- The Washington Times - Wednesday, November 3, 2021

When I was first elected to the Board of the National Rifle Association in 2000, I had the honor of taking a seat beside some of the people I had previously only been able to admire from a distance. I sat next to General Joe Foss, the legendary World War II ace and Medal of Honor winner who served not only as NRA President but Governor of South Dakota and Commissioner of the American Football League. Journalist and author Tom Brokaw devoted a chapter in his “The Greatest Generation” to Mr. Foss, and I quickly decided that my role as a new Board member would be to bring him coffee.

But there were others. Tom Selleck and Roy Innes were on the Board then, and Charlton Heston was President. It was also a pleasure to meet and get to know Jeff Cooper and his wife. Mr. Cooper was a legend, an articulate Second Amendment advocate, accomplished hunter, firearms instructor and author. He had written for Guns & Ammo and founded a shooting school in Arizona at which he developed and taught shooting and the use of firearms for self-defense. Mr. Cooper died in 2005 and had sold the school, which is now known as Gunsite, still employing methods pioneered by Mr. Cooper and the most prestigious facility of its type in the country.

It was Mr. Cooper who convinced pistol and revolver users to abandon the old one-handed manner of holding and aiming a handgun in favor of the two-handed grip now universally employed except by drug-crazed gang bangers and Hollywood actors. It was Mr. Cooper who harped on his four rules for handling any firearm.

It’s a tragedy that Alec Baldwin never met Jeff Cooper or read anything the man wrote. Mr. Baldwin carried guns in some of his movies but apparently knew little about how they should be handled. If he’d been familiar with Mr. Cooper’s four rules, the accident that took the life of cinematographer Holyna Hutchins would have been avoided. 

Mr. Cooper’s rules were simple enough:

1. All guns are always loaded and should be treated as such even if one “knows” they aren’t.
2. One should never let the muzzle of any gun cover anyone or anything one is not ready to destroy.
3. When holding a gun, one must keep one’s finger off the trigger until one’s sights are on the intended target.
4. A shooter must know and identify not only his target but what’s behind it and around it before firing at it.

Anyone who ignores these simple rules is guilty of negligence or worse. Mr. Baldwin was apparently told by whoever handed him the “prop” gun he fired on the set of the movie was unloaded. The resulting tragedy would have been avoided if Mr. Baldwin had had any gun safety training at all. A hunter in the field who carelessly points their gun at another hunter is quickly admonished as careless and won’t be invited back again, and a shooter at a gun, skeet or sporting clays range who wanders about without his gun visibly unloaded will be quickly banished. 

Every gun owner knows that safety requires caution whether they’ve read Mr. Cooper or attended a course on firearms safety training or qualified for a concealed carry permit or a hunting license anywhere in the United States or abroad.

Mr.
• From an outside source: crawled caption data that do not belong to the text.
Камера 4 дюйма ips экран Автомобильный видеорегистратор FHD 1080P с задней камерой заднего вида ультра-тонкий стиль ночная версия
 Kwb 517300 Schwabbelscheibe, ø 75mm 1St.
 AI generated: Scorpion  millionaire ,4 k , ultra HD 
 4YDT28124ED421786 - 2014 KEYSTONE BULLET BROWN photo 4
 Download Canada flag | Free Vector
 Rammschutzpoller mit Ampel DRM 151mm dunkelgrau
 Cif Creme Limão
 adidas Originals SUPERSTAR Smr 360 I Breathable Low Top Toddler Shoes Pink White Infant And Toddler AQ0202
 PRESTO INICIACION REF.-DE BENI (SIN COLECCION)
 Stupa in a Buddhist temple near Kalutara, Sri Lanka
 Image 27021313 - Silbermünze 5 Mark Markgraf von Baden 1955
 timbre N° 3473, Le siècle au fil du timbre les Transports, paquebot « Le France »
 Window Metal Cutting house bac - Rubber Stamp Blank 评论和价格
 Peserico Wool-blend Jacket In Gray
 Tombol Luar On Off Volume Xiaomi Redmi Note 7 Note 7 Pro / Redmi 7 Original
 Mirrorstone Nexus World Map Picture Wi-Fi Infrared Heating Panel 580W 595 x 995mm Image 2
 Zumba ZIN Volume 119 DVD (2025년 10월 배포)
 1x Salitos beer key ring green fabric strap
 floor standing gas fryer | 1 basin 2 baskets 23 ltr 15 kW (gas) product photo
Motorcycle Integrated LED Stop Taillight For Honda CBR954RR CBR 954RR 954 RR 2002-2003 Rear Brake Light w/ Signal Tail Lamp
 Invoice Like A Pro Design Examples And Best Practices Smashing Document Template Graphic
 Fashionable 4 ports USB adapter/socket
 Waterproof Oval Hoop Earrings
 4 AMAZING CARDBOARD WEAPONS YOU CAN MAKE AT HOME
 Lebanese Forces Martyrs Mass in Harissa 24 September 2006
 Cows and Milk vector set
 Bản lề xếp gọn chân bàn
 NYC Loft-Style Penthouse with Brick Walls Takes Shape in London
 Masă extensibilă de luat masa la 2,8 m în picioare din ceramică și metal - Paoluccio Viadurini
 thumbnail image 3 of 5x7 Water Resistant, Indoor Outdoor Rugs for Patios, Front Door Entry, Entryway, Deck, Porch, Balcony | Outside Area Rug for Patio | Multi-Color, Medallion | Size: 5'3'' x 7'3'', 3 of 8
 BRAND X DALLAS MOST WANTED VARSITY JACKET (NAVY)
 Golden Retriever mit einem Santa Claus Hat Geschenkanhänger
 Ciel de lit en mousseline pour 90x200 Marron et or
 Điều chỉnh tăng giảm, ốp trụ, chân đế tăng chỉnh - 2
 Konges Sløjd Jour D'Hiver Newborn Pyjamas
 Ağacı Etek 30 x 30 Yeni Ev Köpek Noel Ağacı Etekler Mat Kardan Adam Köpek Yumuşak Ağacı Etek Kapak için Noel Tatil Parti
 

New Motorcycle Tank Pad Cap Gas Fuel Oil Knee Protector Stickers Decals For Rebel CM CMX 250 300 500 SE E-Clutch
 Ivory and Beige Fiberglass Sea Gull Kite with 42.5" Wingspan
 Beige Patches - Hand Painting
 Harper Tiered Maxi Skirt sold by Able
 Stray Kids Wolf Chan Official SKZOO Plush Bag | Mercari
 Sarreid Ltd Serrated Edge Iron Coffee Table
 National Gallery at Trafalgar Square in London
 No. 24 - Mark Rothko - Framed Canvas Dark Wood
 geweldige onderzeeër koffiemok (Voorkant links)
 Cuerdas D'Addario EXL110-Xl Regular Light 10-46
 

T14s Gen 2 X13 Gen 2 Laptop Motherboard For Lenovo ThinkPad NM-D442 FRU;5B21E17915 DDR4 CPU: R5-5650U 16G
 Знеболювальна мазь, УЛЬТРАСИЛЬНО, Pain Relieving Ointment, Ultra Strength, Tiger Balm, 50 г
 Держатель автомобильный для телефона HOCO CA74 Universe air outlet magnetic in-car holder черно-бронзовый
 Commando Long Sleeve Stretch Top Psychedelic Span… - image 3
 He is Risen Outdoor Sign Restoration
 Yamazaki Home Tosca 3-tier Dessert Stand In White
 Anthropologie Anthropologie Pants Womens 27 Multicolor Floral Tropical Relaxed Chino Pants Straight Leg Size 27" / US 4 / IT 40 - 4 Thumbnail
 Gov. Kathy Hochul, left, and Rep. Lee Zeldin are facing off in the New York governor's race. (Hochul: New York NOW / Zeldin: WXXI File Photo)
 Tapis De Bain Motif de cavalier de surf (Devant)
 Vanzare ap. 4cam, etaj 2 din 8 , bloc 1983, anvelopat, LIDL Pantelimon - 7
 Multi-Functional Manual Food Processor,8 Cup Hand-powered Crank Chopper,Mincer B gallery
Baldwin has expressed a dislike of firearms ownership over the years. From what he said, one gets the impression that his reflexive hostility to guns, except those he uses in the movies, means he doesn’t pay attention to those who teach safe gun handling. Mr. Cooper had a name for those with what he termed an “unreasoning terror of weapons. He called them “hoplophobic” and felt they had little concrete knowledge of that which terrified them.

Sam Dorum, a Hollywood “armorer,” told a Los Angeles television reporter after the accident in New Mexico that there are strict rules about how “prop” guns are to be handled and that actors, as well as the support crew, receive training in firearms safety before and during the filming of movies. 

Accidents happen, but firearms accidents involving gun owners are exceedingly rare. In fact, there were, according to government figures, more accidental shootings in a nation with far fewer people and firearms a hundred years ago than there are today.

That’s because of people like Jeff Cooper and those who have taken his rules to heart. Such accidents result from carelessness or downright negligence by those who don’t know the rules or ignore them.

One must wonder into which of these categories Mr. Baldwin falls. 

• David Keene is editor-at-large for the Washington Times.